At low pressure, the graph of $PV\,vs\dfrac{1}{V}$.for a given amount at a constant temperature for a real gas is:
A. straight line parallel to x axis
B. straight line having positive intercept and negative slope
C. straight line passing through origin having positive slope
D. none of the above

Answer 1

Hint: At low pressure, $PV=RT-\dfrac{a}{V}$ at a constant temperature for a real gas. Here –a represents the slope and RT represents the intercept of a $PV\,vs\dfrac{1}{V}$. And the graph of $PV\,vs\dfrac{1}{V}$ is of straight line.

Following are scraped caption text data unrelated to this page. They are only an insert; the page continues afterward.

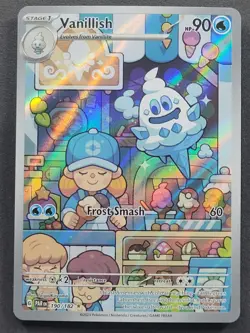 Vanillish 190/182 Illustration Rare Paradox Rift Pokemon TCG - Image 1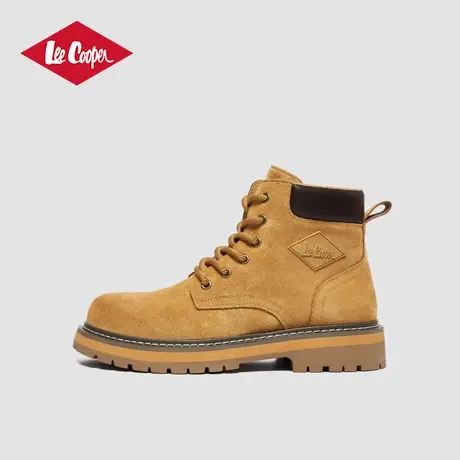 Lee Cooper2025春季新款马丁靴男厚底增高工装靴子男英伦休闲男鞋商品大图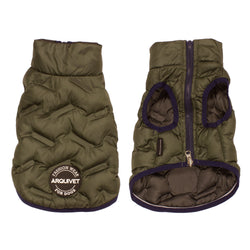 Chaleco acolchado reversible verde-gris "Terranova"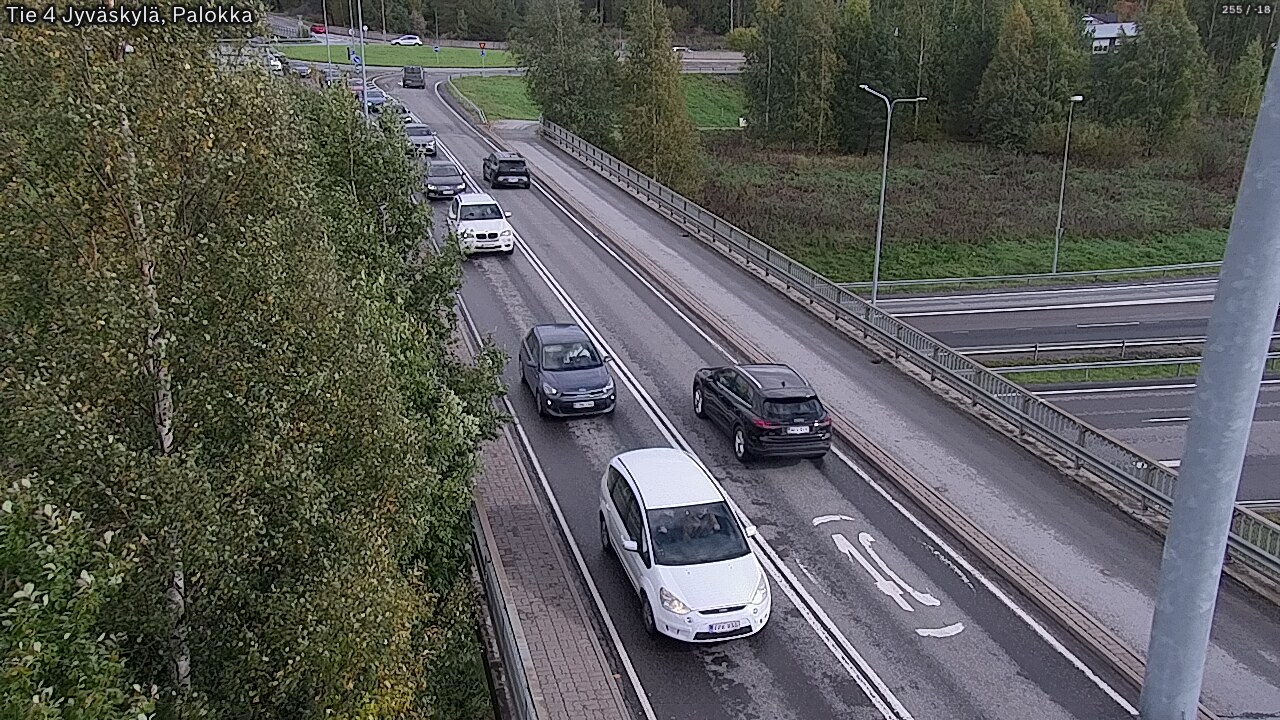Weather Camera Image Väg 4 Jyväskylä, Palokka, Jyväskylä, Keski-Suomi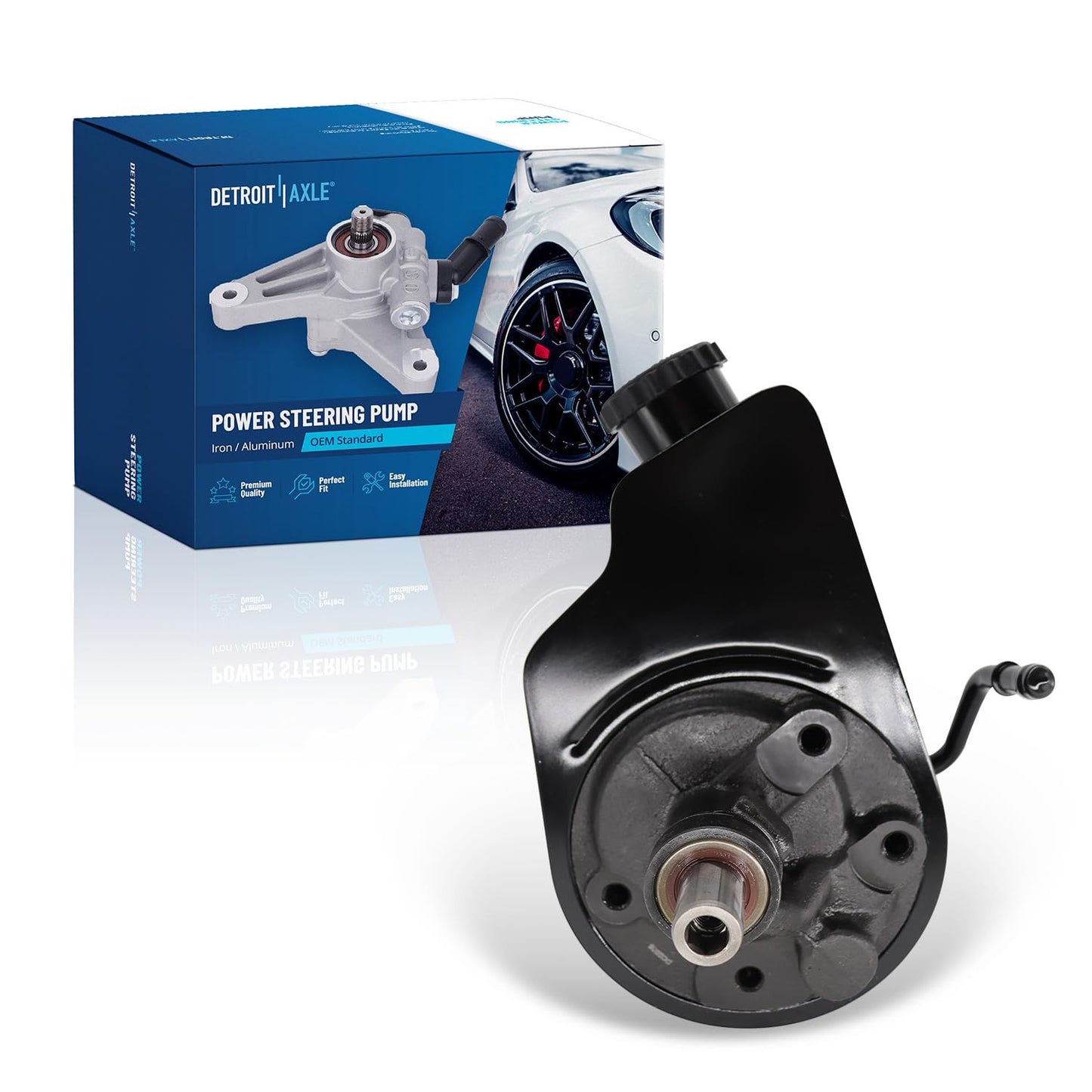 1996 Chevy/GMC 2500 Power Steering Pump with Reservoir - Gas 5.0L/5.7L/7.4L (PR8740)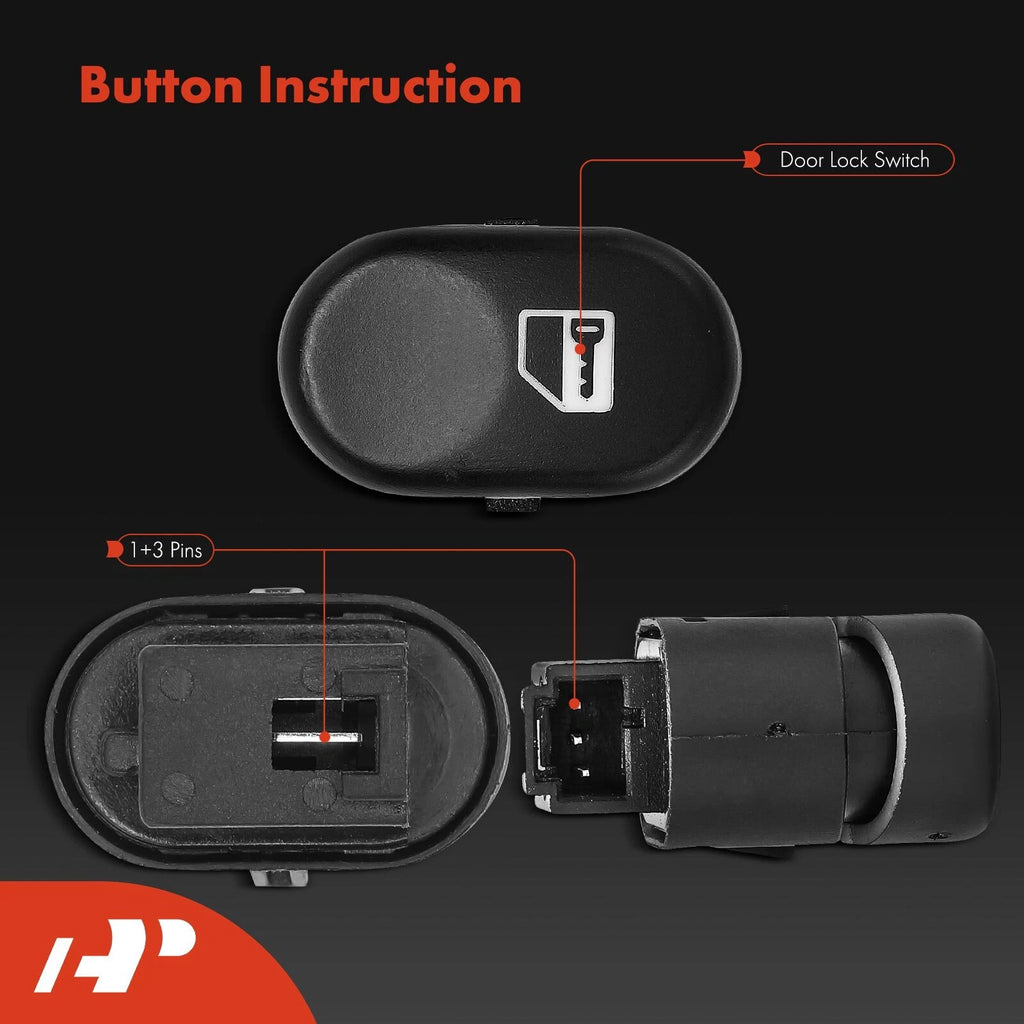 Door Lock Switch Front Left/Right for Pontiac G6 (2005-2010)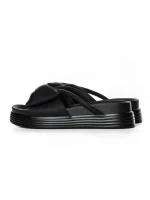 Papuci Dama din piele naturala TP637-1 BLACK | FORMAZIONE
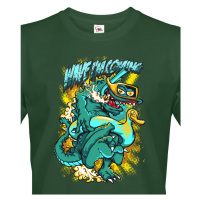 Pánské tričko s úžasným potiskem vtipného krokodýla - skvělý dárek na narozeniny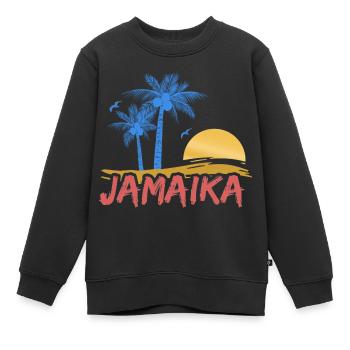 Plage Jamaïque Jamaïque - Sweat Premium enfant bio - noir - Devant - AI Model Kid Female (0cm)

Complete step by step solution:
From your chemistry lessons you have learned about the real gas and the graph of $PV\,vs\dfrac{1}{V}$ at a constant temperature for a real gas where pressure is low. Real gases are gases that do not follow the ideal relation with gas laws. The deviation of the real gas from the ideal gas behavior is because of the assumptions that, if the pressure will increase then the volume will decrease. The value of volume can be smaller but not be zero because molecules of gases will occupy some of the space and we cannot compress that space further. Now, at high pressure the measured value of volume is more than that of calculated volume while at low pressure the values of measured and calculated volume will approach each other at the constant temperature. In the question we have to plot the graph of $PV\,vs\dfrac{1}{V}$ at low pressure and at constant temperature of a real gas. So, at low pressure the relation between PV and $\dfrac{1}{V}$ is given as:
\[PV=RT-\dfrac{a}{V}\]
Here we can see that this equation ressembel the equation of a straight line that is y=mx+c where m is the slope and C is the intercept at Y axis. Now if we write the equation (i) in the form of straight line it is written as:
\[PV=-\dfrac{a}{V}+RT\]
So, the slope will be –a and the intercept will be RT. Therefore the graph will be of straight line with negative slope and positive intercept.

Thus the correct option will be (B).

Note: Real gas does not follow any gaseous law like Boyle's law, Charles law, Avagadro law perfectly under all the conditions of pressure and temperature. Ideal gases are also called as perfect gas and the equation of ideal gases are PV=nRT. It gives the relation between the four different variables such as pressure, volume, temperature and moles.